(Data items)
::::

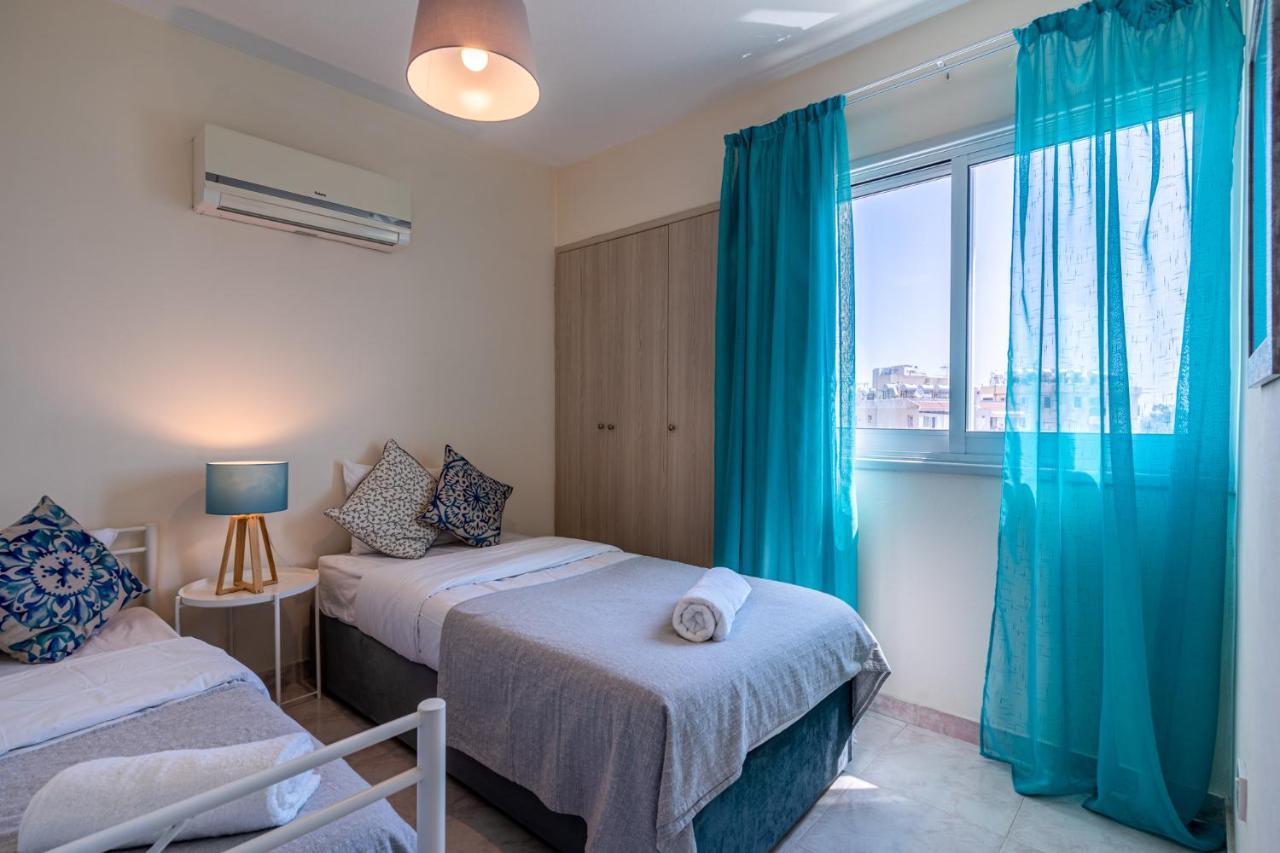 Sunny 2-Br Apartment In Mackenzie Larnaca Exteriör bild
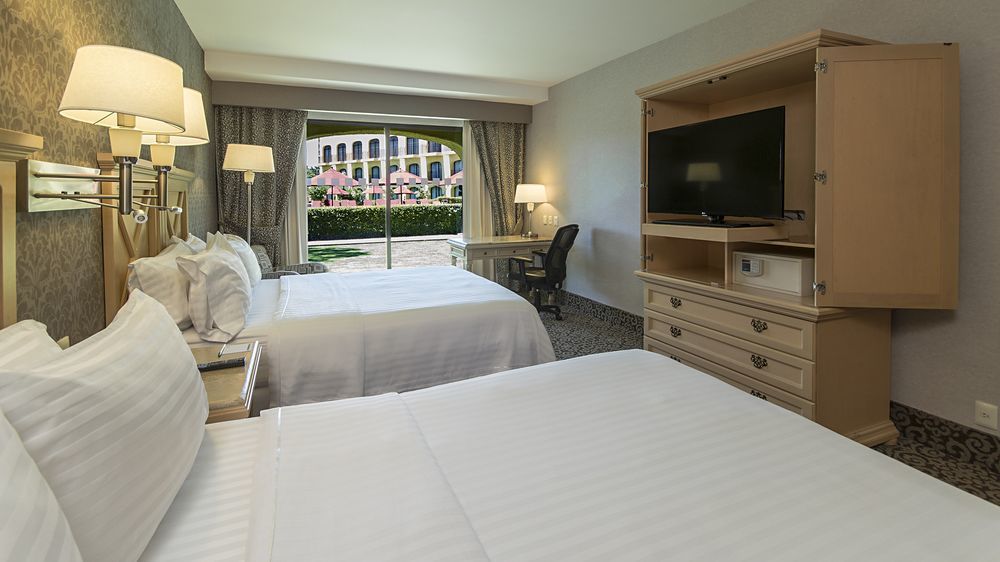Holiday Inn Express & Suites Queretaro By Ihg Esterno foto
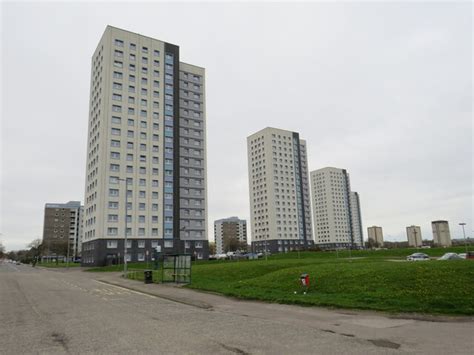 Tower Blocks In Seaton Aberdeen © Malc Mcdonald Geograph Britain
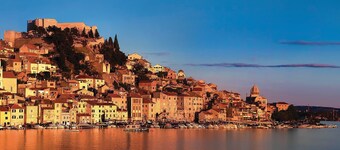 Amazing apartment in Sibenik with sauna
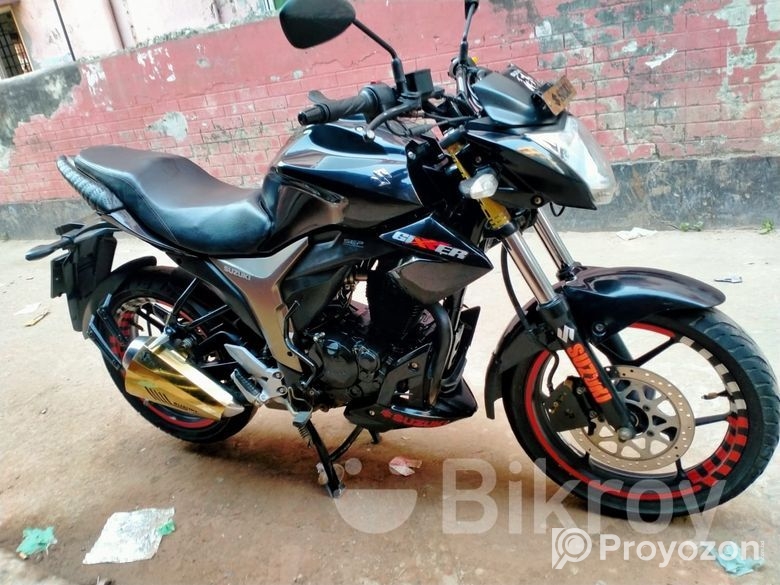 Suzuki Gixxer Monotone Black color 2023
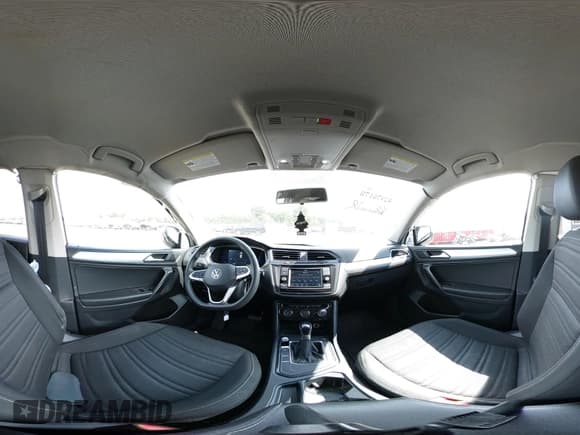 ✅ 2022 Volkswagen Tiguan S • VIN: 3VV1B7AXXNM015548 • Лот: 42970178. Опубликован ранее на IAAI с пробегом 95 320 миль. Бесплатный доступ к архиву аукционных продаж из США и подробный отчёт об истории автомобиля на DreamBid. Изображение 18.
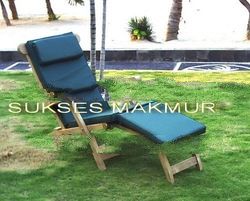 teak steamer chair and cushions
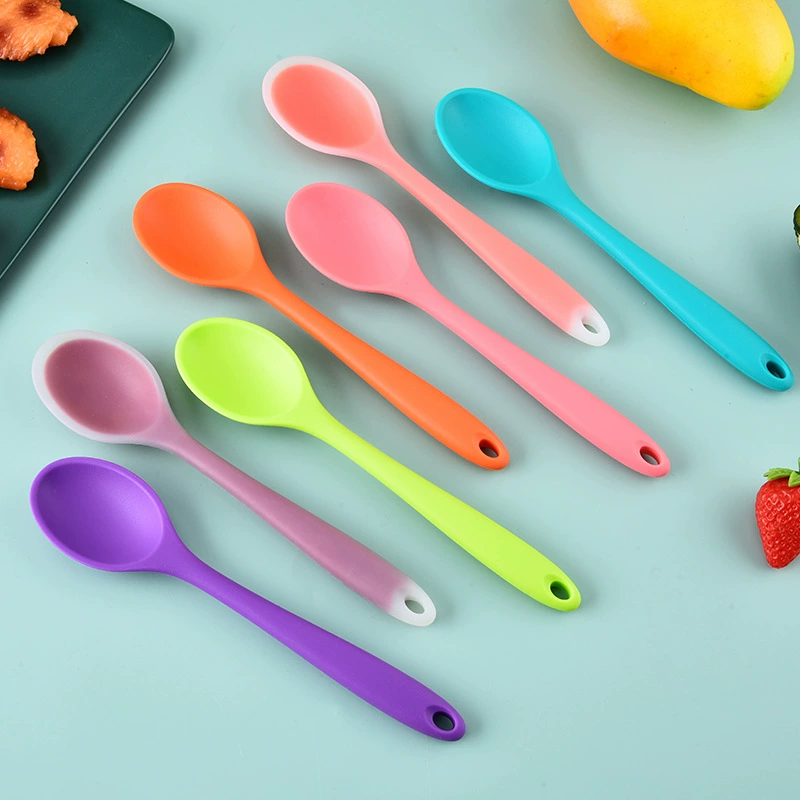 High temperature resistant silicone spoon same as insects, small spoon student spoon, baby food mixing spoon spot wholesale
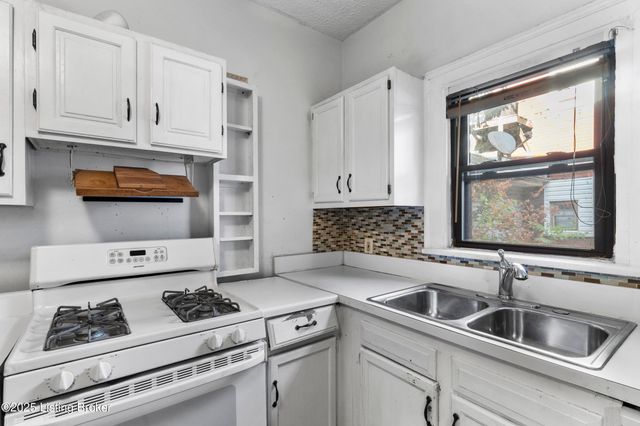 4104 Garland Ave, Louisville, KY 40211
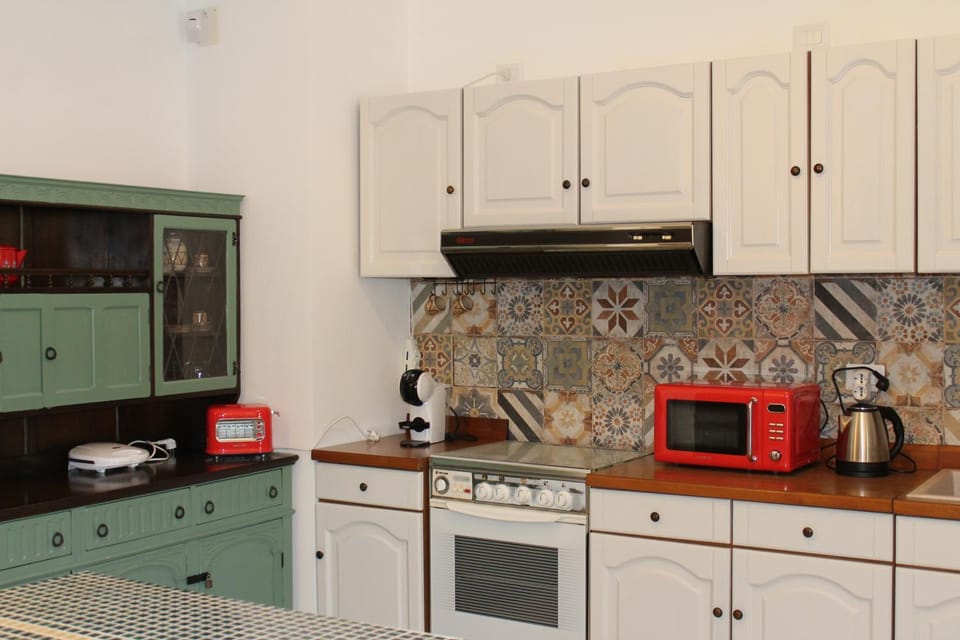 Coffee/tea facilities, microwave, oven, toaster, kitchen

::::

WHAT YOU ARE ASKED TO DO: Word for word, quote the lines above. Omit the pictures.

YOUR SOLUTION:
 Sunny 2-Br Apartment In Mackenzie Larnaca Exteriör bild
Holiday Inn Express & Suites Queretaro By Ihg Esterno foto
 Tower Blocks In Seaton Aberdeen © Malc Mcdonald Geograph Britain
 Amazing apartment in Sibenik with sauna
 Suzuki Gixxer Monotone Black color 2023
 ✅ 2022 Volkswagen Tiguan S • VIN: 3VV1B7AXXNM015548 • Лот: 42970178. Опубликован ранее на IAAI с пробегом 95 320 миль. Бесплатный доступ к архиву аукционных продаж из США и подробный отчёт об истории автомобиля на DreamBid. Изображение 18.
 teak steamer chair and cushions
 High temperature resistant silicone spoon same as insects, small spoon student spoon, baby food mixing spoon spot wholesale
 4104 Garland Ave, Louisville, KY 40211
 Coffee/tea facilities, microwave, oven, toaster, kitchen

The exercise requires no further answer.